A precificação do carbono, nas suas diferentes formas, tem sido adotada de maneira crescente pelos países que desejam reduzir suas emissões de Gases de Efeito Estufa (GEEs). Considerado pelos especialistas uma medida fundamental para sinalizar a necessidade de descarbonização, existem atualmente 52 iniciativas já em execução e 6 agendadas para iniciar ou em processo de avaliação[1], correspondentes a 71 jurisdições (entre países, Estados e cidades).

Todavia, uma das principais limitações está na dificuldade de aceitação dos cidadãos do aumento do preço, por exemplo, de combustíveis fósseis como medida de redução de emissões. Os protestos na França iniciados ao final de 2018 e que tiveram como estopim o imposto sobre o carbono anunciado pelo presidente Emmanuel Macron é uma amostra dessa dificuldade. O estopim dos protestos é apenas a “ponta do iceberg” de uma crise política, econômica e social mais profunda que se arrasta pelo menos desde a crise de 2008, mas que demonstra que a população ainda pode ter muita resistência em entender que desenvolvimento econômico e social sem o combate às mudanças climáticas já não é mais possível, e deixa evidente que não é possível aos governos imporem medidas impopulares sem um diálogo franco e embasado para que as pessoas se aproximem das discussões e entendam o problema climático. Quando voltamos os olhos para os países em desenvolvimento, essa dificuldade é ainda maior e também traz mais dificuldades às lideranças políticas.

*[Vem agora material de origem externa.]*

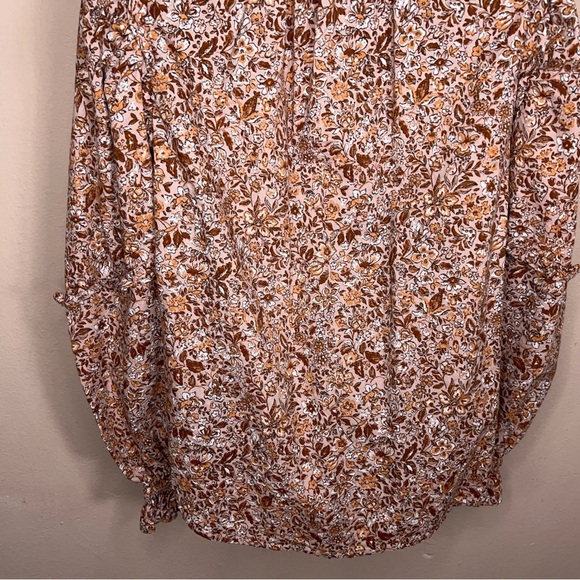 XS Universal Thread Boho Ruffle Long Sleeve Peasant Blouse Top Brick Red Orange - Picture 7 of 13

Uma das iniciativas de precificação do carbono que está em estudo é a brasileira. Em 2014, o governo brasileiro submeteu ao Partnership for Market Readiness (um fórum do Banco Mundial que tem como objetivo preparar e dar suporte às políticas de mitigação climática) sua proposta de analisar possíveis instrumentos de precificação de carbono. O país, entretanto, tem demorado em transformar as análises em ações. Entre os latino-americanos México, Argentina, Colômbia e Chile já estão com instrumentos em vigor ou em vias de começar (Figura 1).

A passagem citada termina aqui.